**Problem:**
Please transcribe, word for word, only the lines from the one containing "二代氨糖医院有卖吗(哪些医院销售二代氨糖？)" through the last line of the records below, both included, and leave out every picture.

**Data under study:**
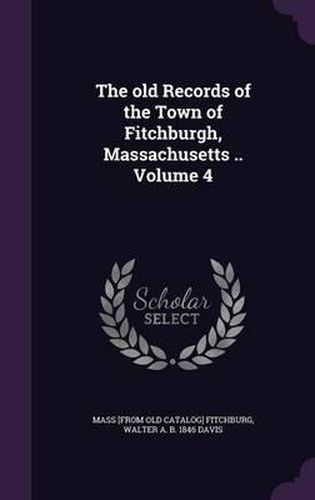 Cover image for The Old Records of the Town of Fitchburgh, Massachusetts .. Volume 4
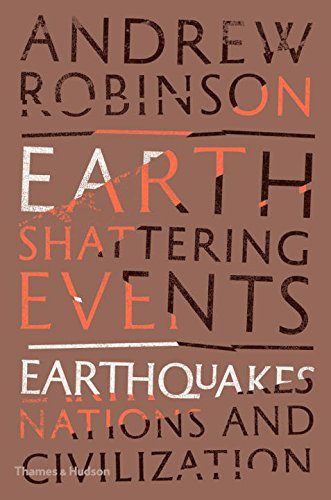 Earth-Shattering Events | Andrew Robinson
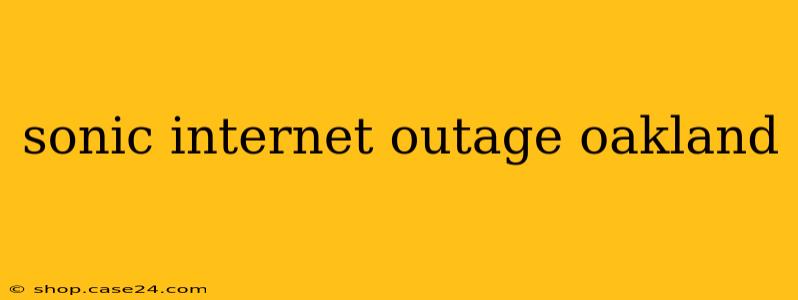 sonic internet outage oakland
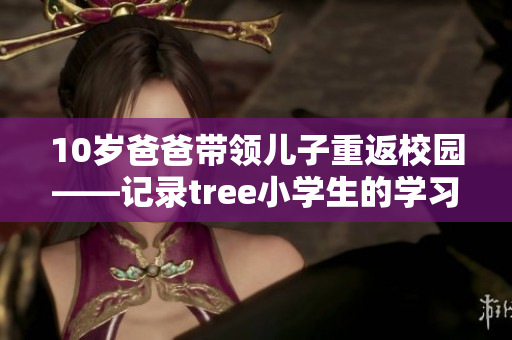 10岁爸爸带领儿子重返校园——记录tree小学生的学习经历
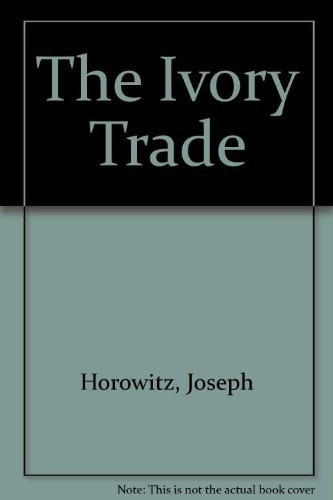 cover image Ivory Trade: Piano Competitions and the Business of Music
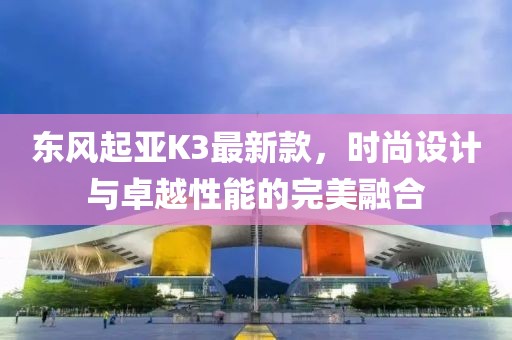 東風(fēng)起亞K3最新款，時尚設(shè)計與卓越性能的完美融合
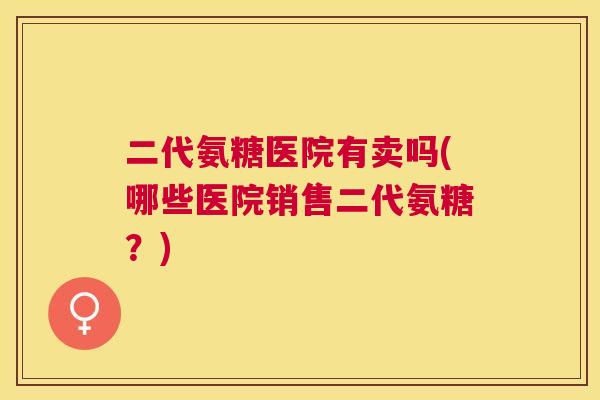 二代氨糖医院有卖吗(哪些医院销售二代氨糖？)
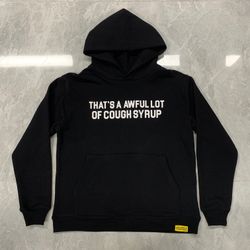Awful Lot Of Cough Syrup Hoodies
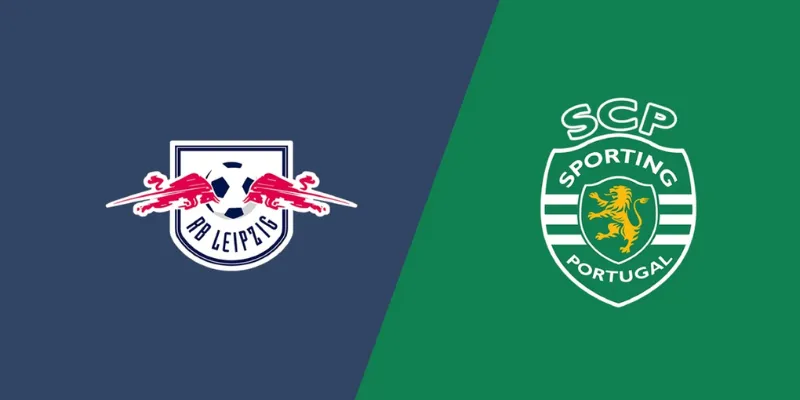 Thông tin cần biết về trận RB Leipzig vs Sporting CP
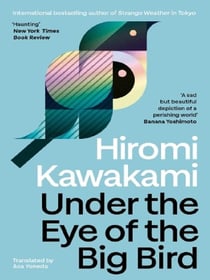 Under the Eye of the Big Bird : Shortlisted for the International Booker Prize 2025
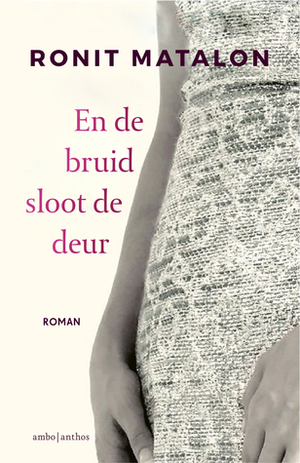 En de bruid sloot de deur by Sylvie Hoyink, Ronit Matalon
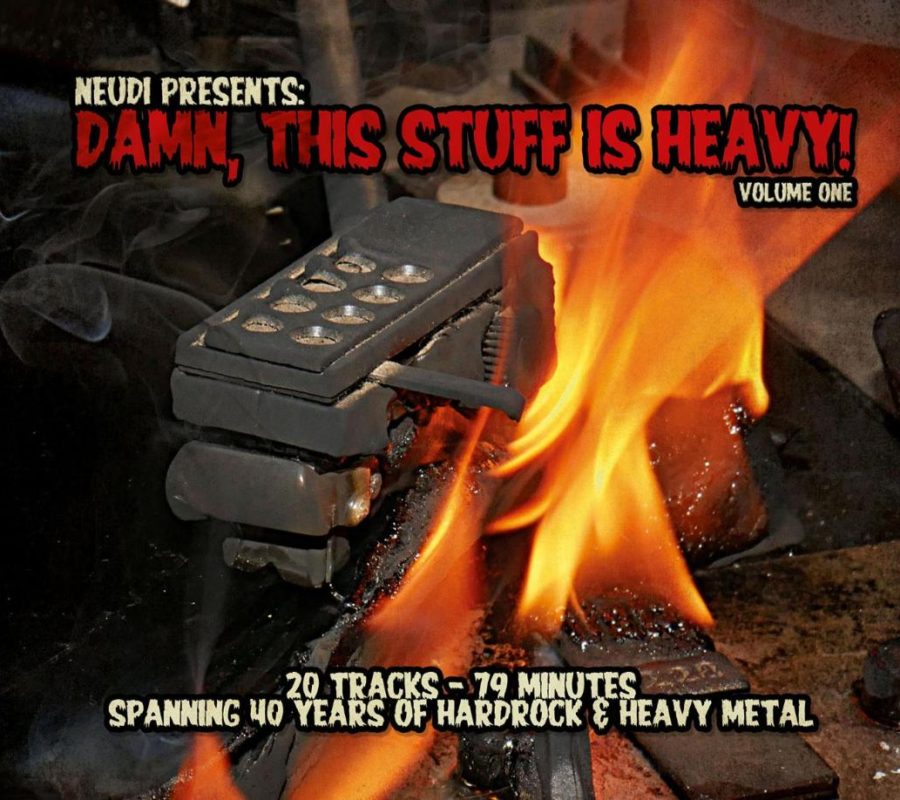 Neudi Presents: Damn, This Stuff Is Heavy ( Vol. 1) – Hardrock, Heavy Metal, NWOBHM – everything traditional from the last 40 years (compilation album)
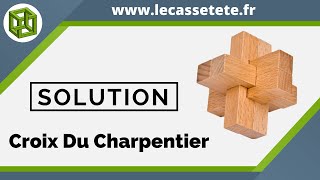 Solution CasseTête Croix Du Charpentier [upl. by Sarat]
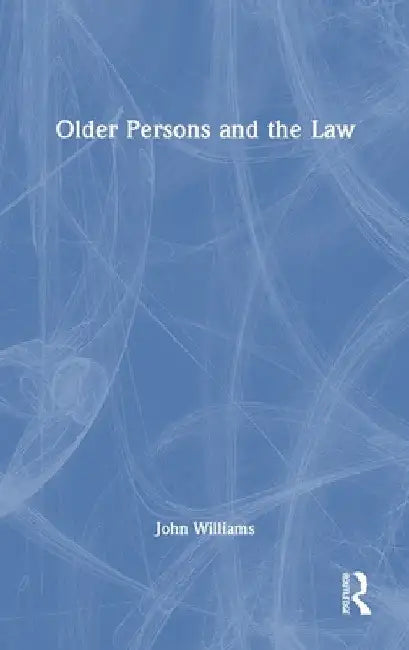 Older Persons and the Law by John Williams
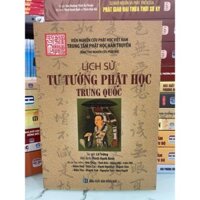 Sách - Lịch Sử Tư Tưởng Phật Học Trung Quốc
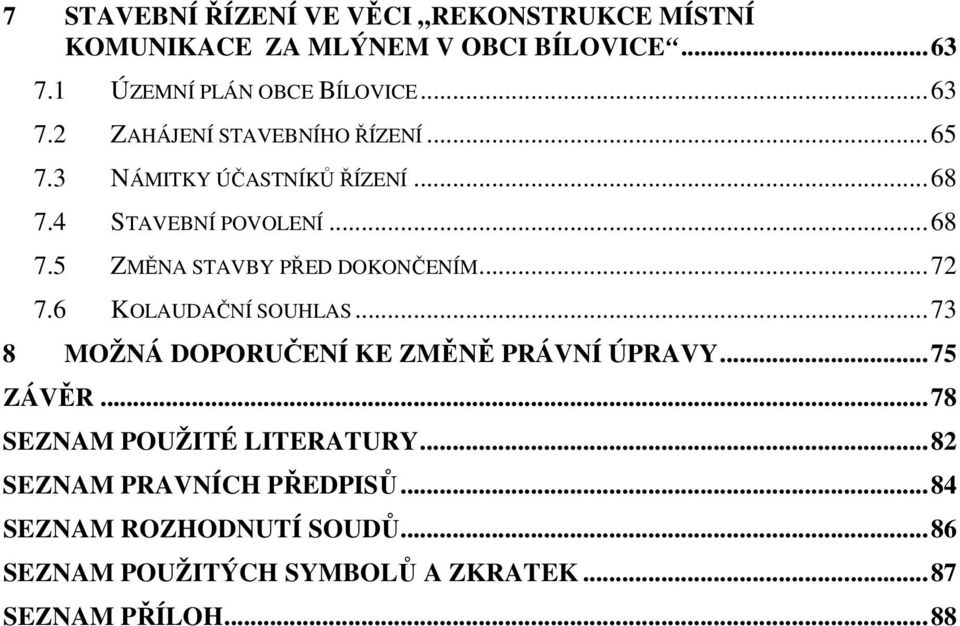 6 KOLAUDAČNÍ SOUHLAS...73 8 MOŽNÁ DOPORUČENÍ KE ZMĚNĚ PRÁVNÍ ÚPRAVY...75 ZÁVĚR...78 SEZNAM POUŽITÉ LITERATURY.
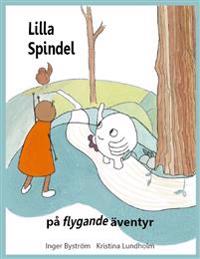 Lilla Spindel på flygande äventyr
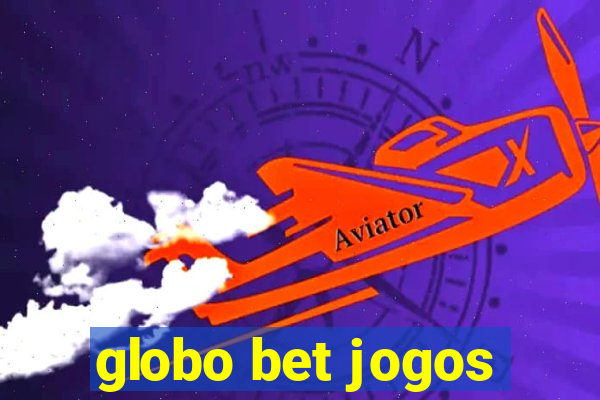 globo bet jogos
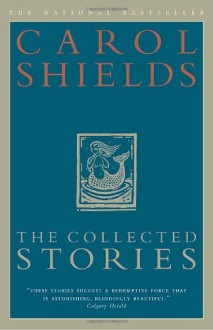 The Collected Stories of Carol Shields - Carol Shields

**Task response:**
 二代氨糖医院有卖吗(哪些医院销售二代氨糖？)
Awful Lot Of Cough Syrup Hoodies
 Thông tin cần biết về trận RB Leipzig vs Sporting CP
 Under the Eye of the Big Bird : Shortlisted for the International Booker Prize 2025
 En de bruid sloot de deur by Sylvie Hoyink, Ronit Matalon
 Neudi Presents: Damn, This Stuff Is Heavy ( Vol. 1) – Hardrock, Heavy Metal, NWOBHM – everything traditional from the last 40 years (compilation album)
 Solution CasseTête Croix Du Charpentier [upl. by Sarat]
 Older Persons and the Law by John Williams
 Sách - Lịch Sử Tư Tưởng Phật Học Trung Quốc
 6 KOLAUDAČNÍ SOUHLAS...73 8 MOŽNÁ DOPORUČENÍ KE ZMĚNĚ PRÁVNÍ ÚPRAVY...75 ZÁVĚR...78 SEZNAM POUŽITÉ LITERATURY.
 Lilla Spindel på flygande äventyr
 globo bet jogos
 The Collected Stories of Carol Shields - Carol Shields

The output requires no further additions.